Les deux séquences présentées ici, extraites de l'édition 1981 des Proms, illustrent l'un des plus grands moments des trois ans qu'il passa à la tête de l'Orchestre symphonique de la BBC. En se remémorant l'audace de ses programmations, on se prend à regretter que tout n'ait pas été filmé pour la BBC. Quoi qu'il en soit, le présent couplage est une réussite. Tchaïkovski était bien conscient de la dette qu'à l'instar de tout compositeur russe il avait envers Glinka, le père fondateur officiel d'une musique nationale : « Je suis un descendant de Glinka », déclara-t-il fièrement en 1881. Emmené voir, alors qu'il avait neuf ans, La Vie pour le tsar, le premier opéra de Glinka qui raconte le sacrifice d'un paysan plein d'abnégation pour protéger Mikhaïl I d'une invasion polonaise, Tchaïkovski affirma plus tard qu'il aimait cet opéra au-dessus de tout autre, le Don Giovanni de Mozart excepté. Pourtant, en tant que compositeur, il était sans doute plus redevable envers l'opéra suivant de Glinka, Ruslan et Ludmilla, opéra féérique composé en 1842 et inspiré d'un poème héroï-comique de Pouchkine faisant intevenir entre autres des chevaliers rivaux, une belle endormie qui se fait enlever, un méchant nain, une tête géante, un anneau et une épée. L'exotique Marche de Tchernomor, avec son trio mené par un glockenspiel, influença deux miniatures de Tchaïkovski, dont une page de Casse-Noisette, tandis que le moment plein de tension du milieu de l'ouverture où des bois lointains et des accords de cordes s'entrecroisent autour d'une note tenue de cor trouve un écho pour lui rendre hommage dans l'ouverture de Roméo et Juliette.

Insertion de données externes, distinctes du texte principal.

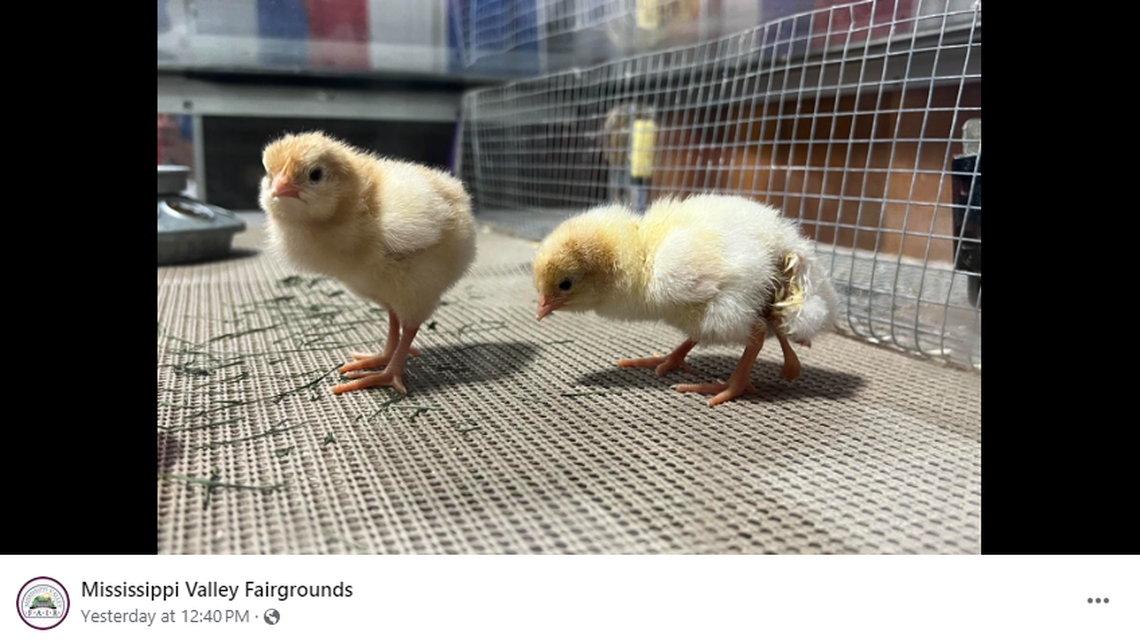 A chick hatched at a fair in Davenport, Iowa, has four legs, according to officials.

La deuxième partie de ce programme, enregistrée en juillet 1981, présente le deuxième acte de Casse-Noisette dans son intégralité. Loin de Rojdestvenski l'idée de chambouler la séquence des numéros comme a pu le faire son éminent confrère Yuri Temirkanov : en sa qualité de chef d'orchestre du ballet du Bolchoï à partir du début des années 1950 – il y dirigea Casse-Noisette pour la première fois à l'âge de vingt ans –, Rojdestvenski ne savait que trop bien les dégâts que pouvaient causer les caprices d'un chorégraphe (on en trouve le pire exemple dans l'adaptation cinématographique de Lavrovski du Roméo et Juliette de Prokofiev avec la grande Galina Oulanova, dont Rojdestvenski dirigea la bande sonore ; il eut l'occasion de se racheter un peu plus tard au cours des années 1950 avec son enregistrement intégral).